Dan termasuk kebid'ahan yaitu apa yang dipercayai oleh sebagian masyarakat jahiliyyah di bulan Safar bahwa dia tidak akan bepergian pada bulan tersebut, dan meyakini bahwa di dalamnya terdapat binatang yang disebut “Safar” yang dapat menyebabkan sakit perut,  mereka meyakini Safar sebagai bulan yang sial.

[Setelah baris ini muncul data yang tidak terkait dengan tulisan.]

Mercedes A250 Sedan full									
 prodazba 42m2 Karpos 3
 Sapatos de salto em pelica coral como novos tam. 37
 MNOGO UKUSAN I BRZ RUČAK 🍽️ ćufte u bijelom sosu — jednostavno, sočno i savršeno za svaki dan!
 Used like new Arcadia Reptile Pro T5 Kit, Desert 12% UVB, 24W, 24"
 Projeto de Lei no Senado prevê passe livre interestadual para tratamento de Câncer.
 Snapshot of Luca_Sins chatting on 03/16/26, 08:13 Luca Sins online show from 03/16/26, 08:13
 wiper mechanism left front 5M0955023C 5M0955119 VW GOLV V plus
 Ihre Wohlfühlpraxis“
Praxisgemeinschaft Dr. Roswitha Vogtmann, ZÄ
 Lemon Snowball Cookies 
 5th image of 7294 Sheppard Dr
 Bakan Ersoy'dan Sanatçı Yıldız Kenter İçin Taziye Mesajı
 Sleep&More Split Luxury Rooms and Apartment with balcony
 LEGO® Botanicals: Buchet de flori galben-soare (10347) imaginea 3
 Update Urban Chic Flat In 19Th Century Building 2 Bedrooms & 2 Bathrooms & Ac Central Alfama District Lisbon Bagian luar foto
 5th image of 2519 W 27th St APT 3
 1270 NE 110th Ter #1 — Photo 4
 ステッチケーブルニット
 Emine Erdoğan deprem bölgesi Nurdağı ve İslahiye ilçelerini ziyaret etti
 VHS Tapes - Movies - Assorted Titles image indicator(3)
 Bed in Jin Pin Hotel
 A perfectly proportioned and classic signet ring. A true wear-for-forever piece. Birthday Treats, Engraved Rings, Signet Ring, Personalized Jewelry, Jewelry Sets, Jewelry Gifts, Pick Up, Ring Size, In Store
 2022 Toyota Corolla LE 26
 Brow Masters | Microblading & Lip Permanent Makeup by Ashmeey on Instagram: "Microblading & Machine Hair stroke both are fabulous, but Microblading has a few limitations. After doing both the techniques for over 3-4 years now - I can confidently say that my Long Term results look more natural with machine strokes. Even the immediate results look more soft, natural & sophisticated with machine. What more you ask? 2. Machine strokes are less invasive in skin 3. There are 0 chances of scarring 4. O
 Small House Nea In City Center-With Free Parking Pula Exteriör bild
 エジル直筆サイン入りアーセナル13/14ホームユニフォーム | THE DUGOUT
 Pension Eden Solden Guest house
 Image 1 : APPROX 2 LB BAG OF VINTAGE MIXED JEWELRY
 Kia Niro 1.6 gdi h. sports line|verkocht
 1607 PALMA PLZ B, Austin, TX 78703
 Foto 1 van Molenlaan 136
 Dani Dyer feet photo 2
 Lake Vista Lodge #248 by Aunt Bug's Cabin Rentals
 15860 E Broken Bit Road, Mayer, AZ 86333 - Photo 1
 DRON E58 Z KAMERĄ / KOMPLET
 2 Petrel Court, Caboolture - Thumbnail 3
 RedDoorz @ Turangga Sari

Anggapan seperti ini termasuk kebodohan dan kesesatan.

Maka sungguh Nabi shallallahu 'alaihi wasallam bersabda:
لا عدوى ولا طيرة
“Tidak ada penularan penyakit (dengan sendirinya), tidak ada tiyaroh (mengkaitkan nasib buruk dengan apa yang dilihat atau didengar)” (HR Bukhari no.5776 dan Muslim no.2224 dari Anas radhiyallahu anhu).

Sungguh, dengan meyakini adanya penularan penyakit dengan sendirinya, meyakini sial tanpa dalil dan mengaitkan keselamatan atau  musibah tanpa dalil semuanya termasuk perkara jahiliyyah yang dapat merusak agama.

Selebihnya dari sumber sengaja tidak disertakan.